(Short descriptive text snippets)
※ ※ ※
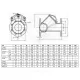 Клапан обратный чугун шаровой 400D Ду 125 Ру16 Тмакс=70 оС фл шар сталь Zetkama 400D125C55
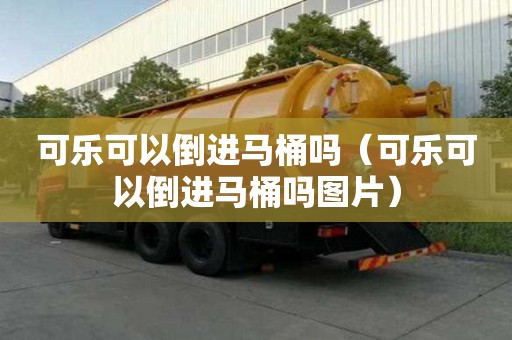 可樂可以倒進馬桶嗎（可樂可以倒進馬桶嗎圖片）
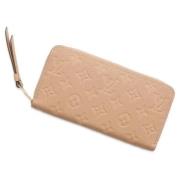 Pre-owned Fabric wallets Louis Vuitton Vintage , Beige , Dames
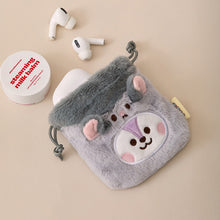 BT21 Official Fluffy Mini Bag Charm Pouch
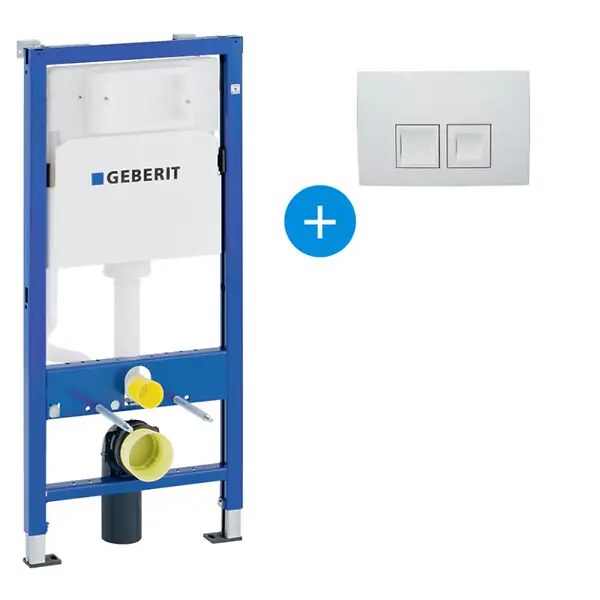Pack Geberit DuoFix 100 + Plaque de Commande Delta 51 Blanche (SETUP100-PRO2) Retour Gratuit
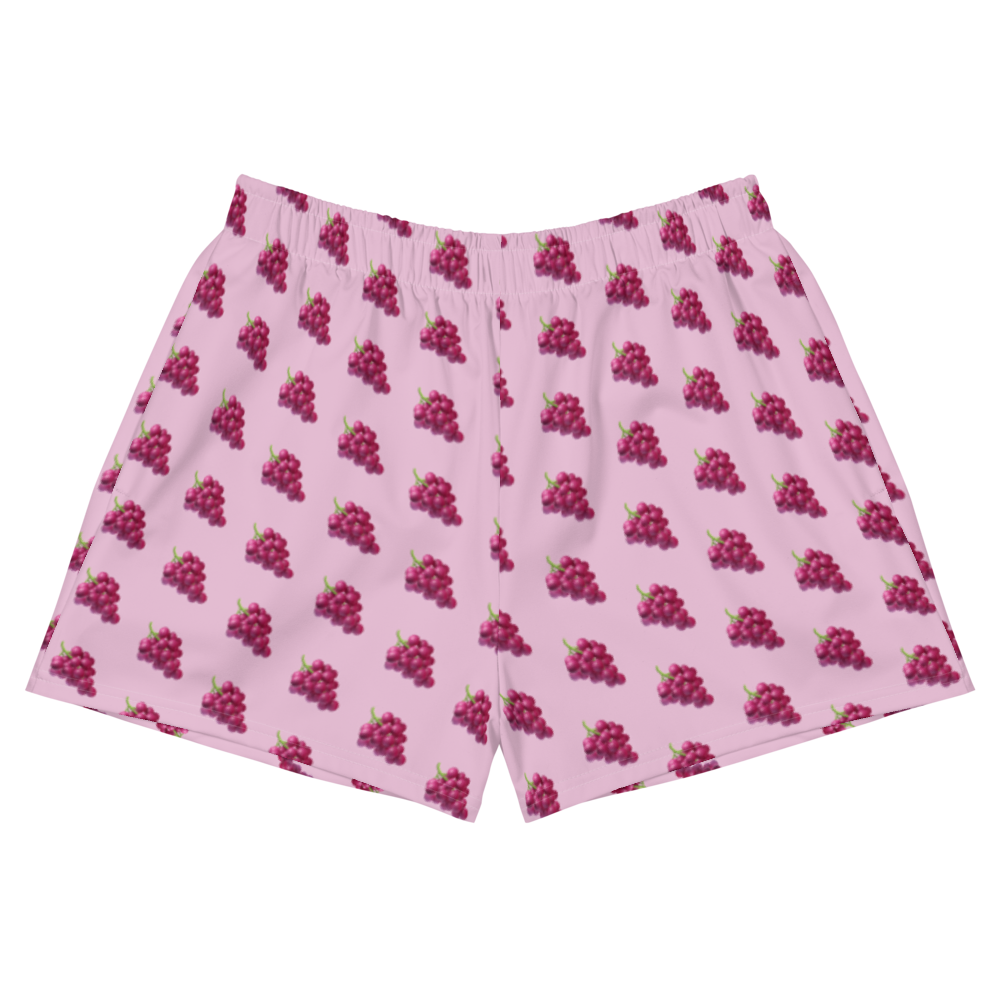 UVA 🍇 All-Over Print Women's Athletic Shorts - 2020 - DominicanGirlfriend.com - Frases Dominicanas - República Dominicana Lifestyle Graphic T-Shirts Streetwear & Accessories - New York - Bronx - Washington Heights - Miami - Florida - Boca Chica - USA - Dominican Clothing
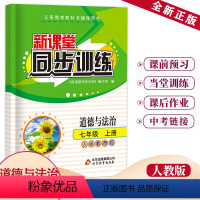 [正版]初中道德与法治新课堂同步七年级上册同步课堂辅导人教版专项训练七年级初一思想品德专项训练课后作业全套同步试卷
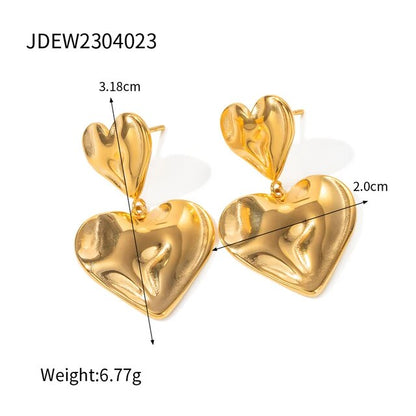 Gold Molten Stud Earrings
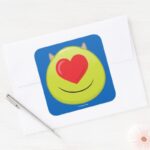 Mike Emoji Square Sticker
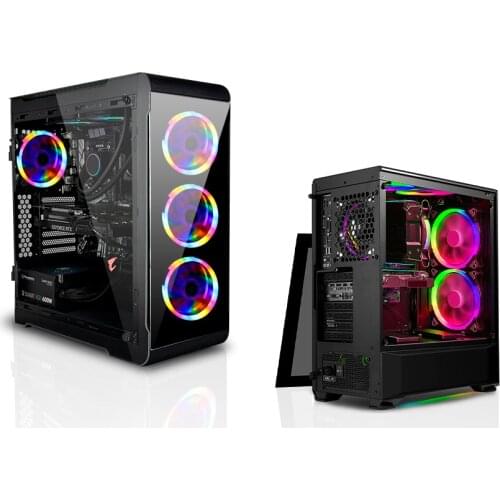 RGB Case Cooling Fan Cooler Radiator Fan Case Coolers Silent Computer Fan 120mm Cooler Mute Fan with Colorful Light Radiators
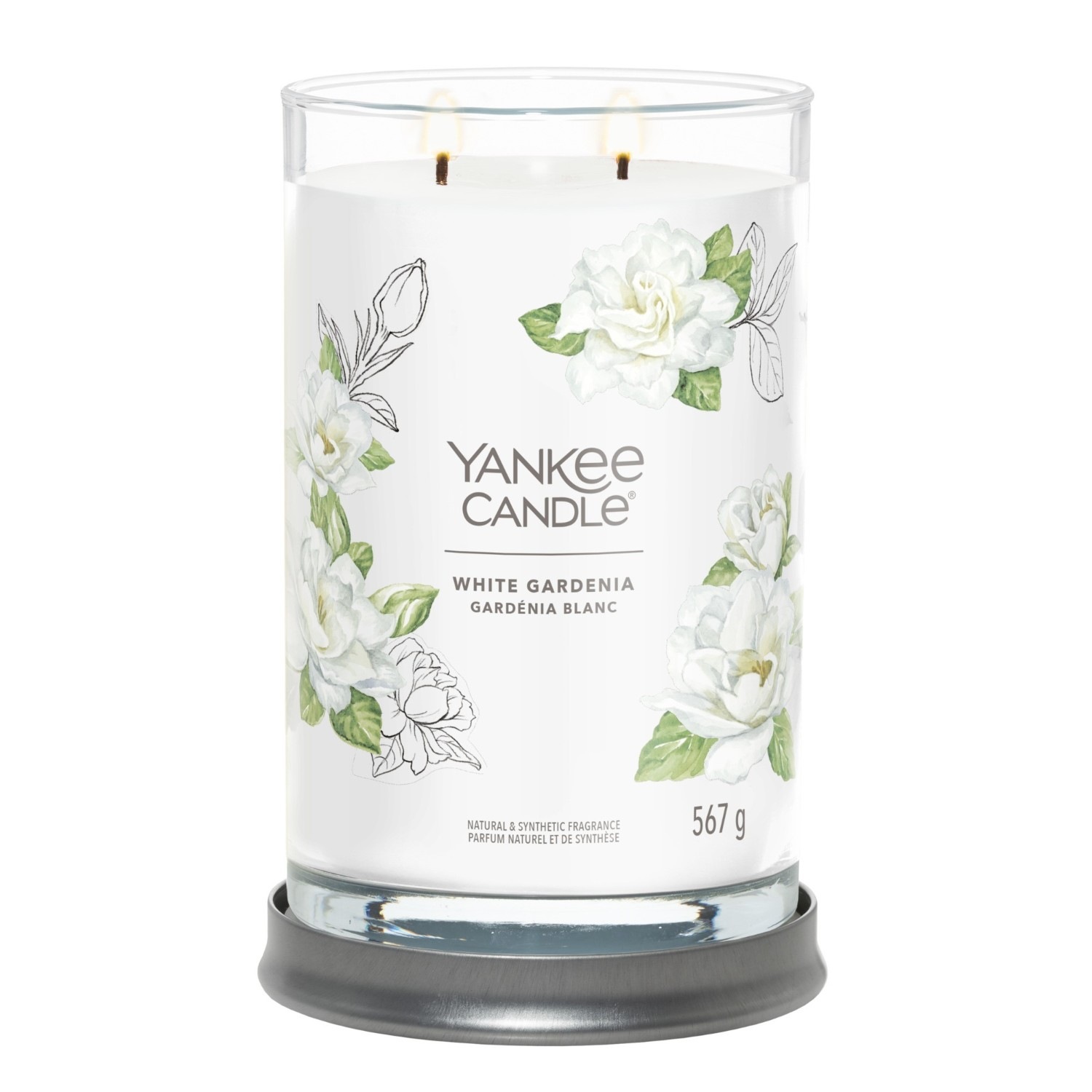 YANKEE CANDLE Grand Gobelet Gardenia Blanc
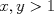 TEX: $x,y>1$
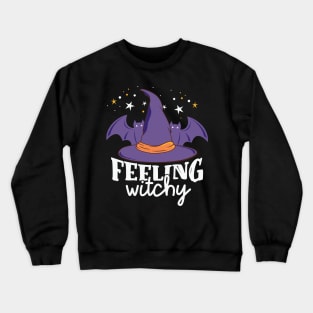 Feeling Witchy Witch Hat Crewneck Sweatshirt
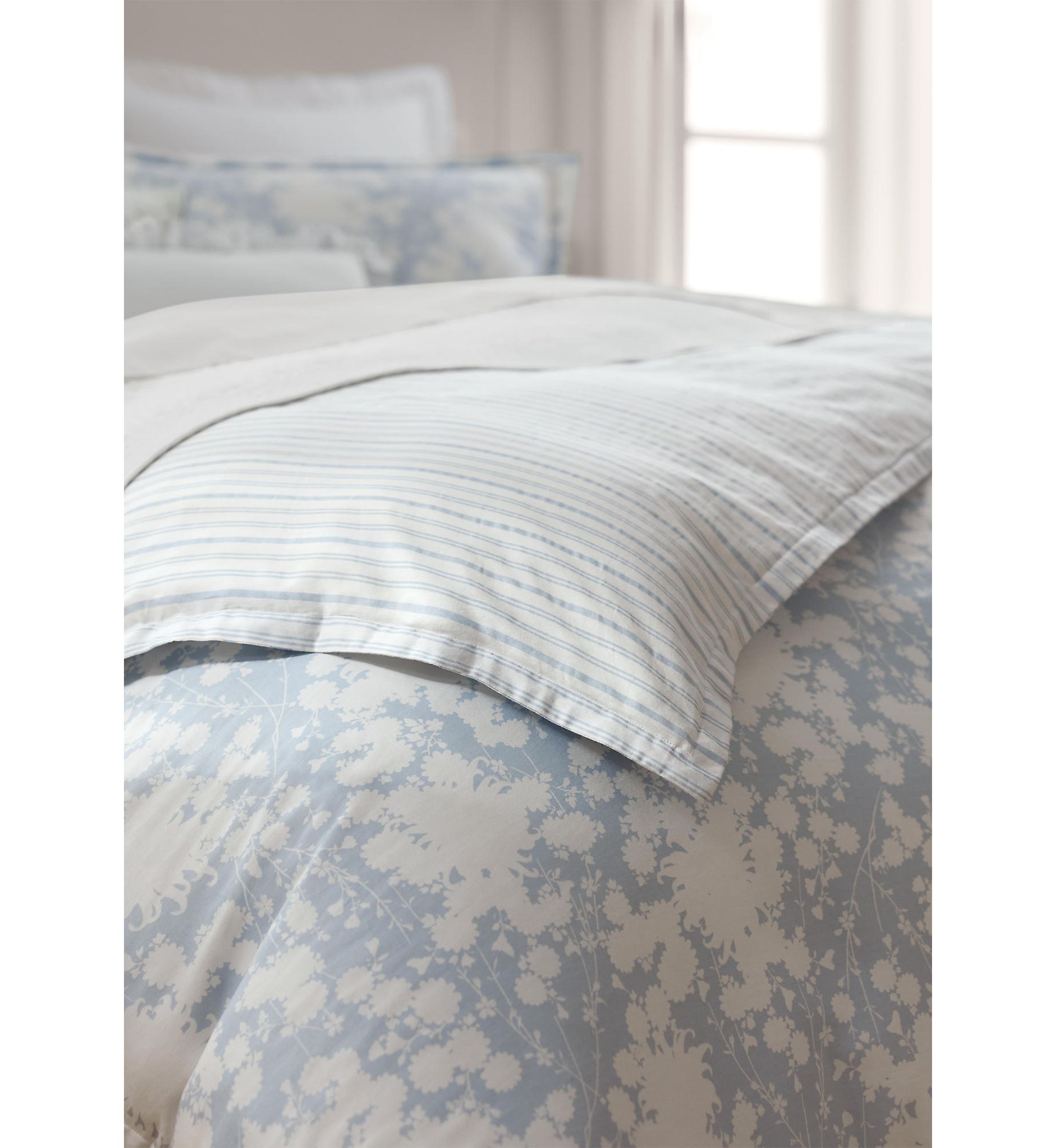 Alice Floral Cotton Sateen King Duvet Cover Set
※ ※ ※
Only the lines from the one with "Feeling Witchy Witch Hat Crewneck Sweatshirt" through the final line of the data should be written out, exactly and including both ends. Skip the pictures.

*Response:*
 Feeling Witchy Witch Hat Crewneck Sweatshirt
 Alice Floral Cotton Sateen King Duvet Cover Set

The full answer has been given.